Starting with the line that contains "Tablet Lenovo Idea Tab Pro - miniatura 2" and stopping after the line that contains "Load image into", return each line below exactly as written, with no others.

Source information:
*** Begin section ***

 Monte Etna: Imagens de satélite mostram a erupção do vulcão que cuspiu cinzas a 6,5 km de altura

*** End section ***
*** Begin section ***

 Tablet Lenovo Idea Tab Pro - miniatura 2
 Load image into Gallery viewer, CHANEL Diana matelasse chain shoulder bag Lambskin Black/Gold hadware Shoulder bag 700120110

*** End section ***

The completed task:
 Tablet Lenovo Idea Tab Pro - miniatura 2
 Load image into Gallery viewer, CHANEL Diana matelasse chain shoulder bag Lambskin Black/Gold hadware Shoulder bag 700120110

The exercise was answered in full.